Quoique l’amour de Dieu ait son siège dans le cœur, et que ses plus nobles et plus parfaites opérations ne soient connues que de celui qui les pratique, et de Dieu qui en est l’auteur par sa grâce, il ne laisse pas toutefois de se produire au dehors par ses effets extérieurs, comme le feu renfermé dans une fournaise, par les flammes qu’il en fait sortir. Il est bien vrai que, pour connaître quel a été l’amour de M Vincent envers Dieu, il faudrait que son Saint-Esprit nous découvrît ce que ses divines inspirations ont opéré dans son cœur, et la fidèle coopération qu’il lui a rendue; mais puisque cette manifestation est réservée au dernier jour, auquel Dieu révélera les secrets des cœurs, nous nous contenterons de remarquer ici seulement quelques-unes des étincelles que le feu sacré de cet amour n’a pu retenir, et qui ont paru au dehors.

Et premièrement, si c’est une marque assurée d’un parlait amour, selon le témoignage du disciple bien-aimé et bien aimant, de garder la loi de Dieu, et se rendre obéissant et fidèle à sa parole, on peut dire avec vérité que M. Vincent a beaucoup aimé Dieu; puisqu’il a été si fidèle et si exact à observer la loi de Dieu, et à suivre ce qui est prescrit par sa sainte parole, que ceux qui l’ont le plus hanté, et qui ont considéré de plus près tous ses déportements, assurent qu’il n’eût pas fallu être homme pour y manquer moins que lui, et qu’il était tellement attentif sur lui-même, mortifie en ses passions, équitable en ses jugements, circonspect en ses paroles, prudent en sa conduite, exact en ses pratiques de piété, et enfin si parfaitement uni à Dieu, autant qu’on en pouvait juger par l’extérieur, qu’il paraissait assez que c’était l’amour de Dieu qui animait son cœur, et qui régnait sur toutes les puissances de son âme, et même sur les organes et facultés de son corps, pour régler tous leurs mouvements et toutes les opérations selon les ordres de cette loi éternelle, qui est la première règle de toute justice et sainteté. Et l’on peut dire que toute sa vie était un sacrifice continuel qu’il faisait à Dieu, non seulement des honneurs, commodités, plaisirs et autres biens du monde, mais de tout ce qu’il avait reçu de sa main libérale, de ses lumières, de ses affections, de sa liberté, et de tout ce qui pouvait tomber en sa disposition; et que la plus grande et la plus intime joie de son cœur était de penser à la gloire incompréhensible que Dieu possède en lui-même, à l’amour ineffable qu’il se porte, et aux infinies perfections qui sont renfermées dans l’unité et simplicité de sa divine essence.

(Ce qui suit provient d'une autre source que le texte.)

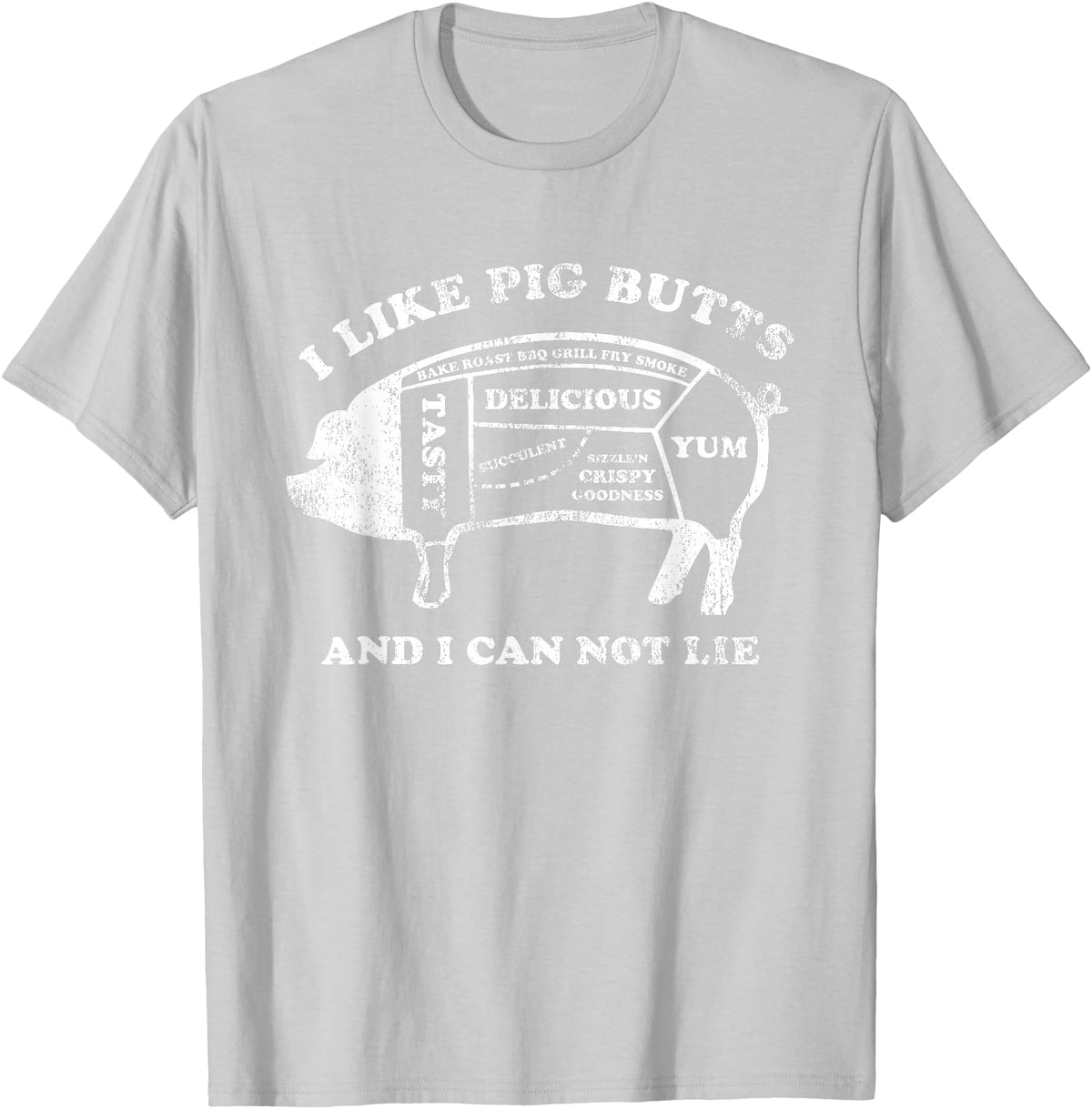 Pink Ink Art Funny I Like Pig Butts And I Can Not Lie T-Shirt T-Shirt - Silver Grey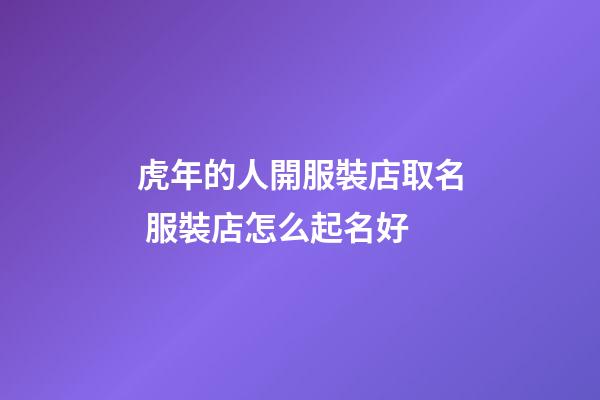 虎年的人開服裝店取名 服裝店怎么起名好-第1張-店鋪起名-玄機派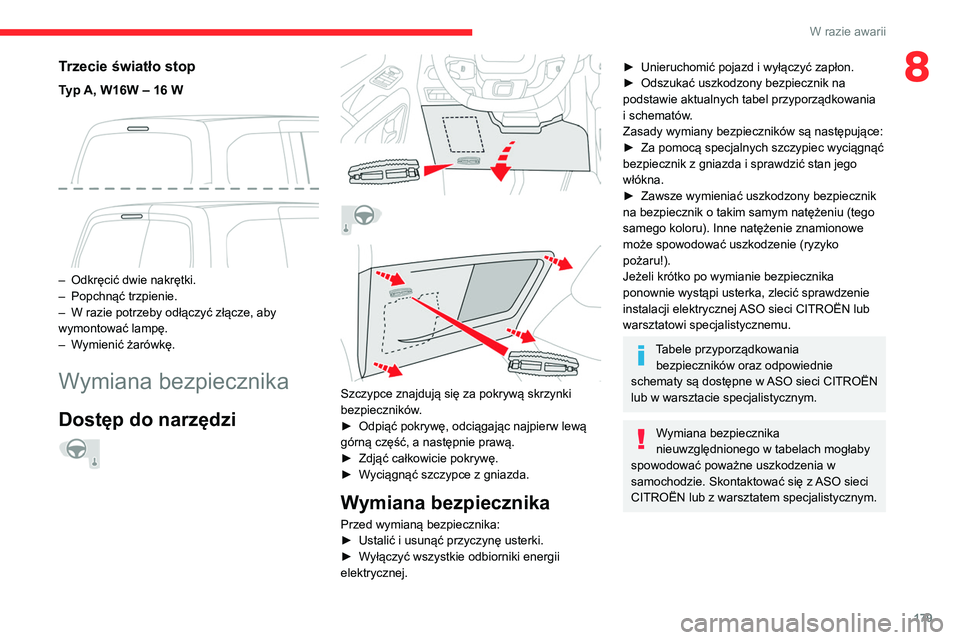 CITROEN BERLINGO VAN 2021 Instrukcja obsługi (in Polish) 179
W razie awarii
8Trzecie światło stop
Typ A, W16W – 16 W
– Odkręcić dwie nakrętki.
– Popchnąć trzpienie.
–
W razie potrzeby odłączyć złącze, aby
wymontować lampę.
–
CITROEN BERLINGO VAN 2021 Instrukcja obsługi (in Polish) 179
W razie awarii
8Trzecie światło stop
Typ A, W16W – 16 W
– Odkręcić dwie nakrętki.
– Popchnąć trzpienie.
–
W razie potrzeby odłączyć złącze, aby
wymontować lampę.
–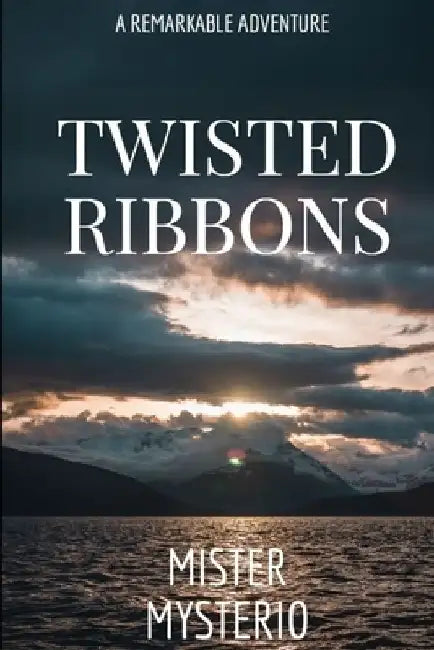 Twisted Ribbons by Mister Mysterio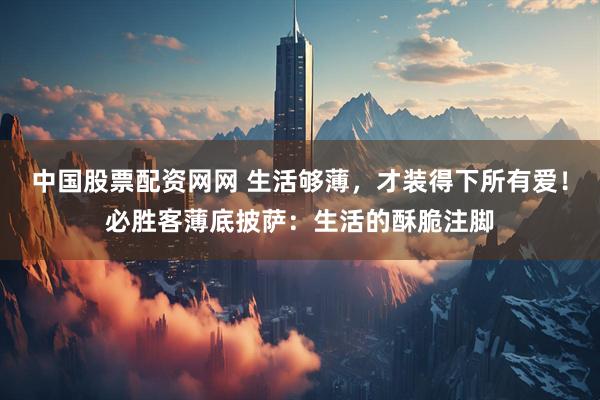 中国股票配资网网 生活够薄，才装得下所有爱！必胜客薄底披萨：生活的酥脆注脚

Que ses plus ardents et continuels désirs étaient que Dieu fût de plus en plus connu, adoré, servi, obéi, aimé et glorifie, en tous lieux, par toutes sortes de créatures; tout ce qu’il faisait et disait ne tendait à autre fin qu’à graver, autant qu’il était en lui, ce divin amour dans tous les cœurs, et particulièrement dans ceux de ses enfants, qui ont admiré et éprouvé la grâce de cette parfaite charité qui était en lui, et qui faisait ressentir ses ardeurs à ceux qui s’approchaient de sa personne. C’est ce qui les portait toujours à écouter avec grande estime et dévotion toutes ses paroles, et même quelquefois à les recueillir jusques aux moindres; et néanmoins, ils ont reconnu et confessé que les paroles de ce grand serviteur de Dieu avaient tout autre force en sa bouche que sur le papier, et que le même esprit qui animait son cœur, donnait une vertu et une énergie toute particulière à ses paroles; en sorte qu’on pouvait dire que c’étaient des paroles de grâce, qui pénétraient jusqu’au cœur de ceux qui l’écoutaient. A ce propos, une personne de grande vertu, qui est maintenant devant Dieu, s’étant un jour trouvée à un entretien qu’il fit aux Dames de la Compagnie de la Charité de Paris, se sentit tellement touchée de ce qu’elle avait entendu, que, se tournant vers quelques autres des plus qualifiées de cette assemblée: « Eh bien ! Mesdames, leur dit-elle, ne pouvons-nous pas, à l’imitation des disciples qui allaient en Emmaüs, dire que nos cœurs ressentaient les ardeurs de l’amour de Dieu, pendant que M. Vincent nous parlait? Pour moi, ajouta-t-elle, quoique je sois fort peu sensible en toutes les choses qui regardent Dieu, je vous avoue néanmoins que j’ai le cœur tout embaumé de ce que ce saint homme nous vient de dire. Il ne faut pas s’en étonner, répondit une de ces dames, il est l’ange du Seigneur, qui porte sur ses lèvres les charbons ardents de l’amour divin qui brûle dans son cœur. Cela est très véritable, ajouta une autre de la Compagnie, et il ne tiendra qu’à nous de participer aux ardeurs de ce même amour.»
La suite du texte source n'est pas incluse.